**Exercise description**:
Everything from the line holding "Muro da Gávea" through the end of the records should be printed exactly, apart from the pictures.

** Opening Data supplied block **

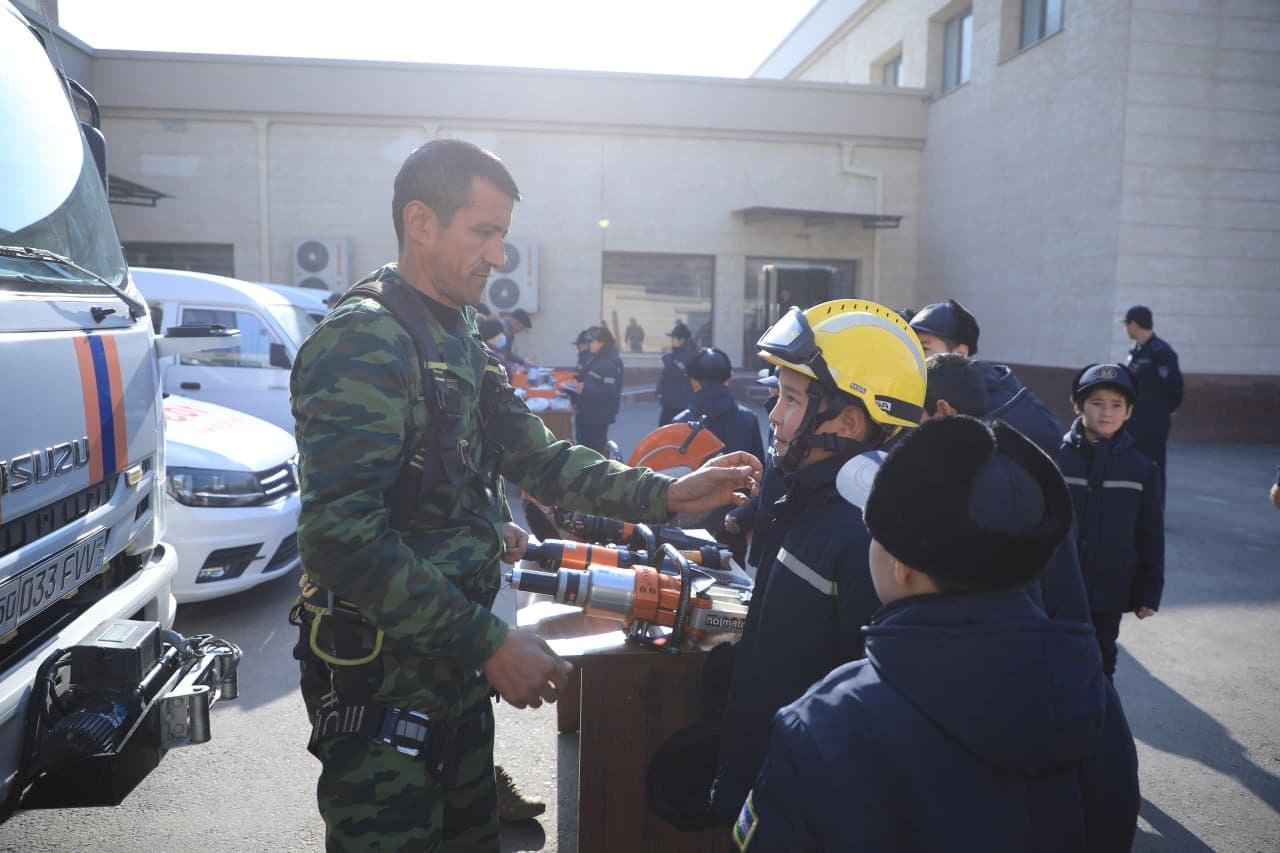 "Konstitutsiya — bosh qomusimiz" shiori ostida ma'naviy-ma'rifiy tadbirlari o‘tkazildi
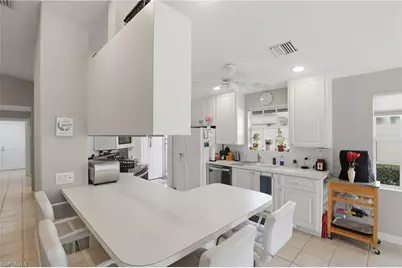 4198 Los Altos Ct, Naples, FL 34109 - Photo 11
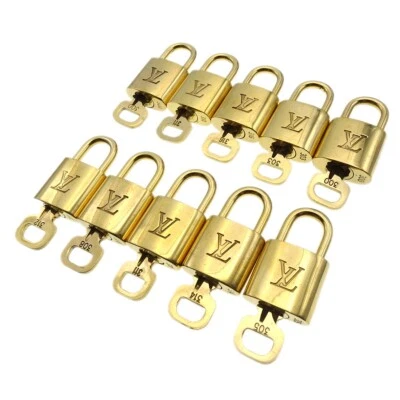 $218 • Buy LOUIS VUITTON Padlock & Key Bag Accessories Charm 10 Piece Set Gold 12356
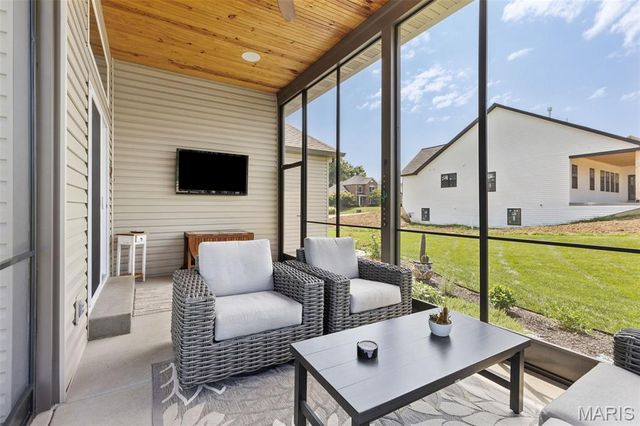 221 Windrose Lane, Troy, MO 63379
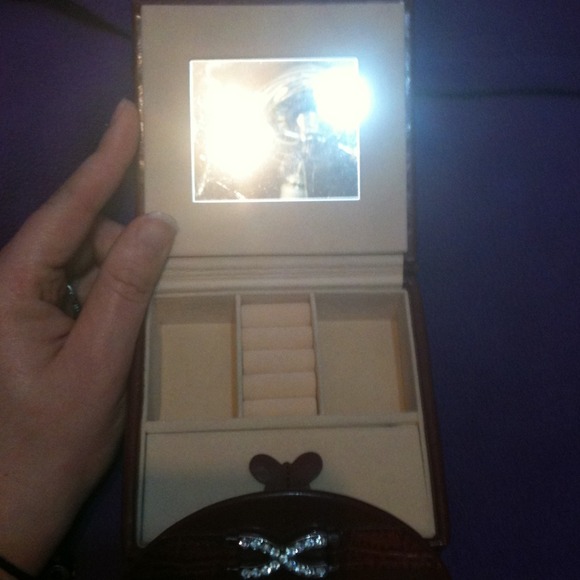 Red Jewelry Box - Picture 2 of 4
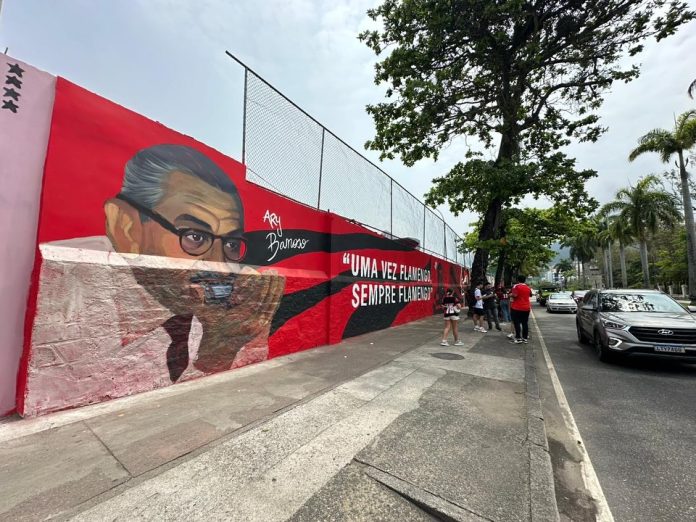 Muro da Gávea com pinturas de artistas e ídolos ligados ao Flamengo - FOTO: Leo José / Coluna Fla
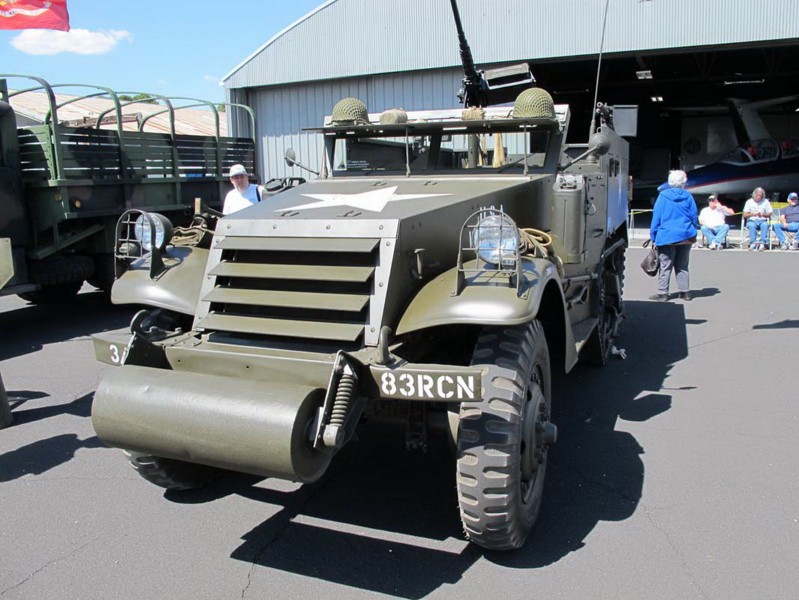 Half-Track M2 vol2 - Walk Around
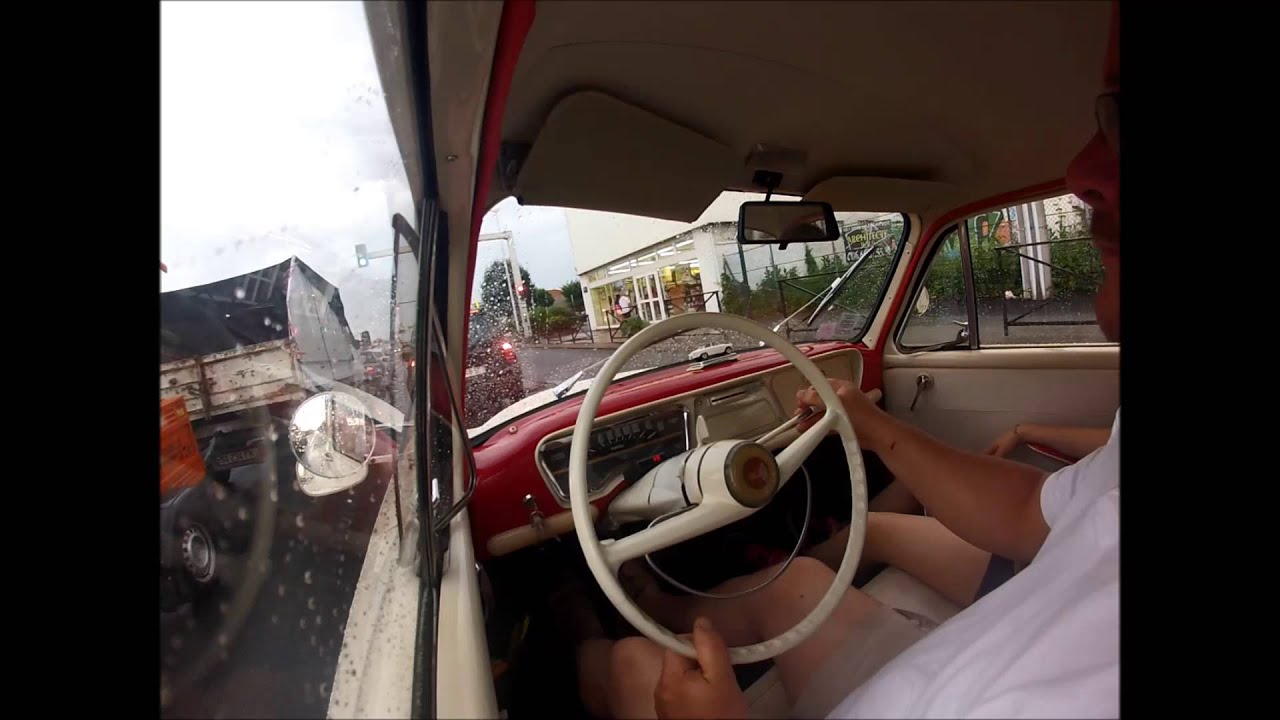 Simca aronde  avec une gopro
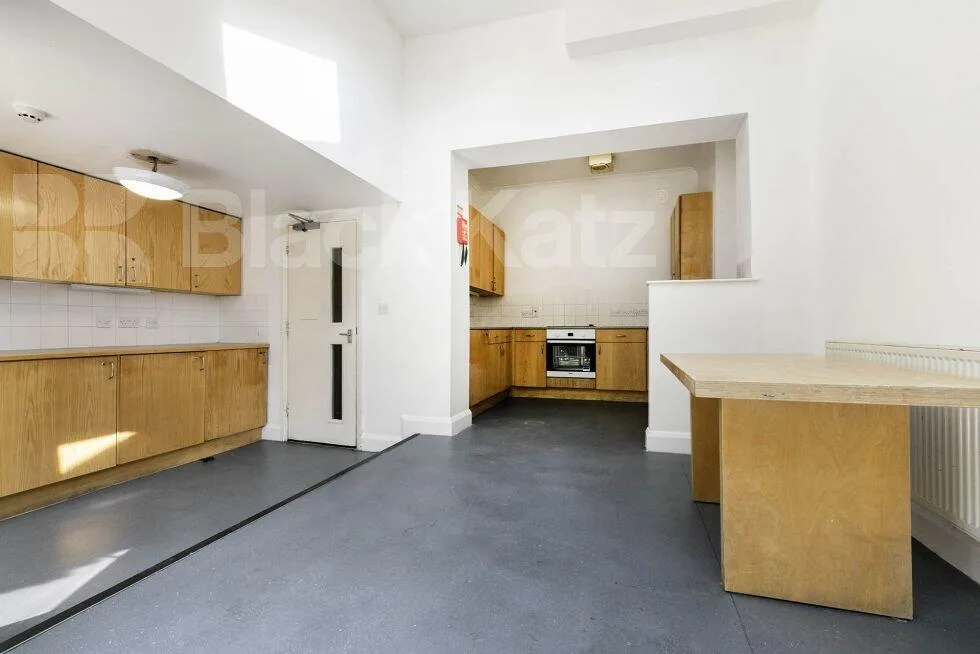 5 bedroom flat for rent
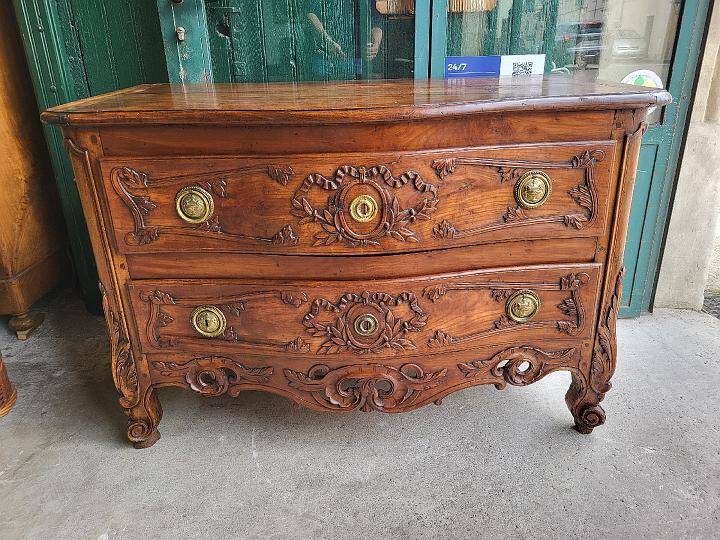 18th century provencal chest of drawers with openwork cross-borders in nyer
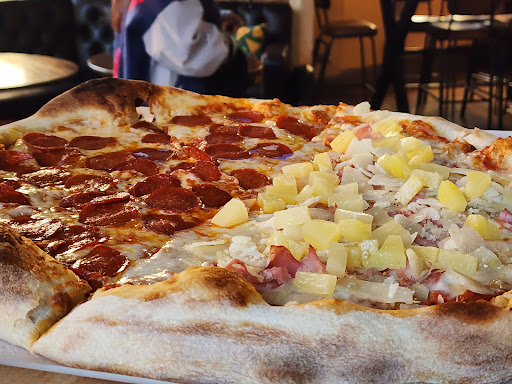 Thirsty Bear Pub & Pizza Restaurant - Thumbnail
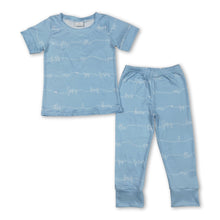 Load image into Gallery viewer, Short sleeves Jesus loves me top pants boys clothes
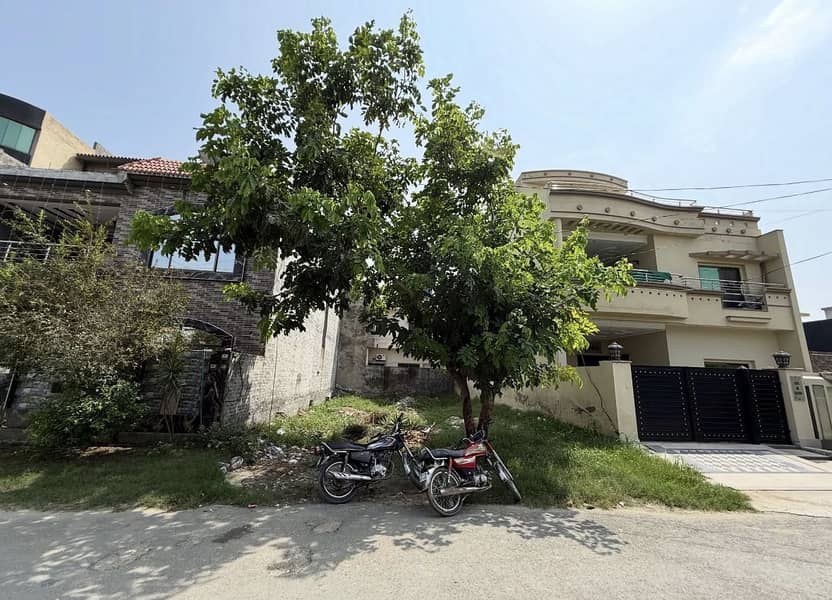 8 Marla Park-Facing Plot A Block 2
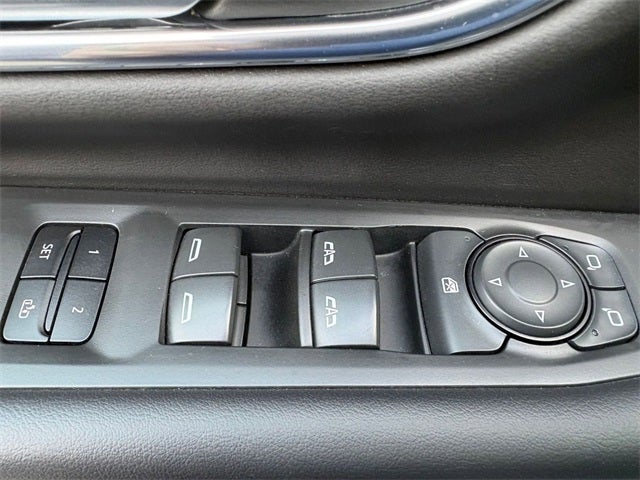 2021 GMC Yukon XL 4WD SLT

** Closing Data supplied block **

**Solution for this problem**:
 Muro da Gávea com pinturas de artistas e ídolos ligados ao Flamengo - FOTO: Leo José / Coluna Fla
 Half-Track M2 vol2 - Walk Around
 Simca aronde  avec une gopro
 5 bedroom flat for rent
 18th century provencal chest of drawers with openwork cross-borders in nyer
 Thirsty Bear Pub & Pizza Restaurant - Thumbnail
 Load image into Gallery viewer, Short sleeves Jesus loves me top pants boys clothes
 8 Marla Park-Facing Plot A Block 2
 2021 GMC Yukon XL 4WD SLT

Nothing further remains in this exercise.